▶ Your task: Your answer should hold each line of the material that contains the word "with".

▶ Recorded information:
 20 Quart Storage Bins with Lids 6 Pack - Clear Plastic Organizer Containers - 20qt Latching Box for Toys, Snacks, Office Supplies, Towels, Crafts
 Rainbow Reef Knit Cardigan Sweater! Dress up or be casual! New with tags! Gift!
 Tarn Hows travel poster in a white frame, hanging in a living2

▶ Your response:
 20 Quart Storage Bins with Lids 6 Pack - Clear Plastic Organizer Containers - 20qt Latching Box for Toys, Snacks, Office Supplies, Towels, Crafts
 Rainbow Reef Knit Cardigan Sweater! Dress up or be casual! New with tags! Gift!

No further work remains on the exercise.